Mais, à ses yeux, l'INSA forme surtout des ingénieurs capables d'aller au-delà de la technique.
Comprendre le monde pour agir
Jean-Marie Garigue insiste sur l'importance des humanités dans la formation. Elles développent la capacité à analyser, argumenter et dialoguer avec des acteurs très différents. « Les ingénieurs doivent être capables de s'intégrer dans leur environnement et de comprendre le monde dans lequel ils agissent. »
Lecteur d'histoire des sciences et de conquête spatiale, il considère qu'aucune innovation ne peut être pensée indépendamment de son contexte économique, social, environnemental ou géopolitique. Cette compréhension des écosystèmes est devenue selon lui une compétence essentielle. Les entreprises, les technologies et les territoires n'évoluent jamais isolément ; leur performance dépend de leur capacité à interagir avec leur environnement et à aller chercher de l'intelligence à l'extérieur.

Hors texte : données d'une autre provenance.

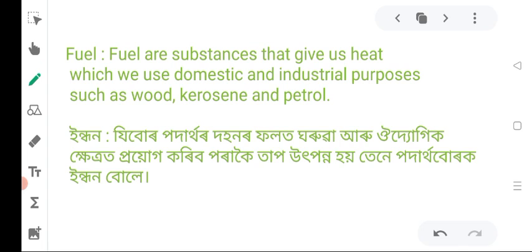Next is fuel. Fuels include solid and industrial properties such as wood, kerosene and petrol. These are examples of fuels.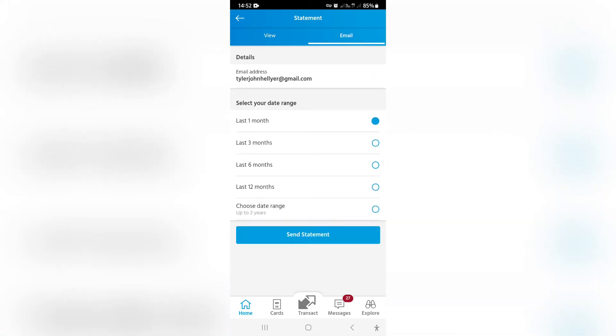You can dial in the email address that you want this sent to. You can have it sent to yourself or have the statement sent to somebody else. Just tap on send statement and you're good to go.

Très attaché à sa région d'origine, le Lot, il y voit également une manière de rester connecté aux réalités humaines qui doivent entourer l'innovation.
À cela s'ajoutent d'autres marqueurs du modèle INSA auxquels il reste très attaché : les activités associatives et la pratique sportive obligatoire. « Le sport, la culture, les passions personnelles participent aussi à la formation de l'ingénieur et du développement de sa curiosité. Les entreprises ont besoin de profils ouverts sur le monde, pas seulement de spécialistes enfermés dans leur domaine. »

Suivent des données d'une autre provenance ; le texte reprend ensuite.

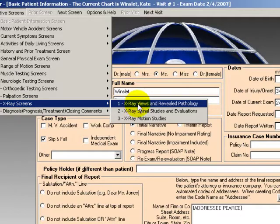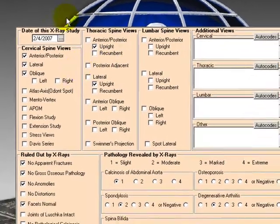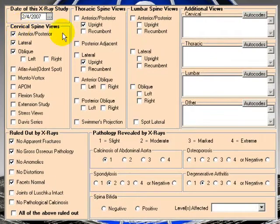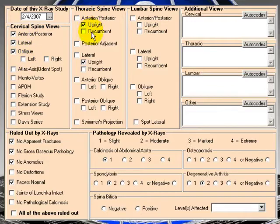So here we have the date of the x-ray, what views. Here are cervical views, anterior, posterior, lateral, oblique. What do we have checked off here?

Former les ingénieurs de demain
Face aux défis contemporains, Jean-Marie Garigue estime que le rôle de l'ingénieur est particulièrement stratégique. Transition climatique, intelligence artificielle, souveraineté technologique ou tensions géopolitiques imposent une approche toujours plus globale des problèmes.
Les compétences scientifiques demeurent fondamentales, mais elles doivent désormais s'accompagner d'autres qualités : apprendre en permanence, exercer son esprit critique, comprendre des écosystèmes complexes et fédérer des équipes.
« Le rôle de l'ingénieur se déplace progressivement de la technique pure vers la capacité à agréger des savoirs, interagir avec différents acteurs et construire une vision. »
Des premiers satellites aux systèmes spatiaux d'Airbus, son parcours illustre une conviction forgée au fil des années : les ingénieurs de demain devront maîtriser les technologies autant que les écosystèmes dans lesquels ils évoluent.